Forum Moderators: phranque

Message Too Old, No Replies

Screen scraper, HTML parser, or custom spider tools

What are the free or pay options?

         

sun818

1:30 am on Oct 4, 2003 (gmt 0)

WebmasterWorld Senior Member 10+ Year Member Top Contributors Of The Month



I'm looking to expand the widgets I sell online. I found a widget supplier who gave me permission to copy their product description. They already provide the other information like title, price, and inventory. But not the description for whatever reason.

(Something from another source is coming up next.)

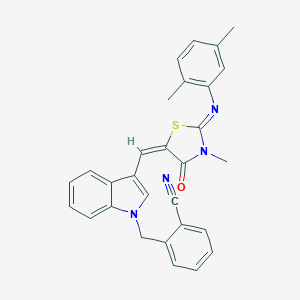 molecular formula C29H24N4OS B297444 2-{[3-({2-[(2,5-dimethylphenyl)imino]-3-methyl-4-oxo-1,3-thiazolidin-5-ylidene}methyl)-1H-indol-1-yl]methyl}benzonitrile 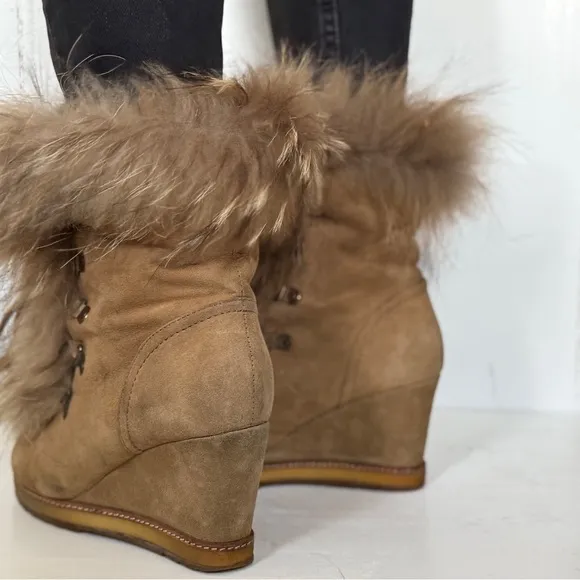 Women's Tan Wedge Boots with Fur Trim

Anyway, I looked at a tool called Web Visual Task ($149) which is a programmable spider that will crawl a page and write the data you need into a text file or database. Are there other tools available that can do something similar, possibly for free? I looked at hotscripts and other script respositories. They don't what I want or its not flexible enough. I'm not a programmer so I can't roll my own from scratch. But if the program has a "framework" to program from I can learn that. I just hate the thought of having to copy and paste new product descriptions every day for the rest of my life. ;)

Storyteller

12:05 am on Oct 5, 2003 (gmt 0)

10+ Year Member



If an $150 software does what you need, I'd suggest you buy it since a custom developed crawler will cost 1.5-2 times as much (which I wrote many; if you need one, stickymail me).

If the program can't do it, and you're willing to learn some Perl and do it yourself, there're modules that can facilitate your task to a significant extent. Look for LWP, WWW::Mechanize and HTML::TreeBuilder.

sun818

3:35 am on Oct 6, 2003 (gmt 0)

WebmasterWorld Senior Member 10+ Year Member Top Contributors Of The Month



After a full day of searching, I found DB Maker, a good alternative to the one I mentioned above. It doesn't have any command line options, but I can live with that. Its only $49! I can use an open source web crawler to download the files, then I can use this to parse the data and write it out to a CSV file. This is going to save me from so much grunt work! :)